Alamogordo, New Mexico UFO Sighting, 1956 — FBI Files
A cold war / blue book era case from Alamogordo, New Mexico. James Stokes, an engineer at the Air Force missile development center, reported that ten autos were stalled on a desert highway between Alamogordo and White Sands Proving Grounds.
Background
In 1956, in Alamogordo, New Mexico, U.S. government investigators recorded an unidentified-object incident later released to the public on May 8, 2026 as part of the Presidential Unsealing and Reporting System for UAP Encounters (PURSUE). The incident is a Cold War-era case investigated under the Air Force’s Project Blue Book or its predecessors. The case was filed with the Federal Bureau of Investigation, whose Knoxville, Albuquerque, Los Angeles, and other field offices routed UFO reports to headquarters under the Bureau’s standing protocols for the protection of vital installations.
What the document records
James Stokes, an engineer at the Air Force missile development center, reported that ten autos were stalled on a desert highway between Alamogordo and White Sands Proving Grounds.

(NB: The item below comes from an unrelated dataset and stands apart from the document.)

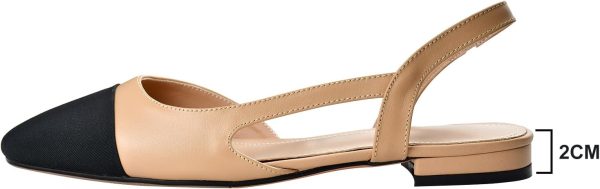 ⁦Debaishi Slingback Flat Pumps for Women,Chunky Heels Round Toe Two Toned Casual Slingback Sandals Fashion Dress Low Heel Sandals⁩ - الصورة ⁦2⁩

He observed a soundless, brilliantly colored egg-shaped object that moved erratically and left a heat wave in its wake.
The number of witnesses is not specified in the released document.
Verbatim from the file
“brilliant colored egg-shaped object” which flitted erratically across, the country-side and left a sort of heat wave, “like radiation from a giant sun lamp,” in its wake.”
Type of case
The case is a visual sighting reported by ground or air observers.
Status
All records released under the PURSUE program are designated unresolved by the All-domain Anomaly Resolution Office (AARO) by default. The federal government has not concluded that the events were anomalous, has not concluded that they were conventional, and has not ruled out either possibility. Conventional candidates for sightings of this period include experimental aircraft, weather balloons (especially the Project Mogul series in the late 1940s), atmospheric optical phenomena such as sundogs and lenticular clouds, and astronomical objects including Venus, the Moon, and meteors near the horizon.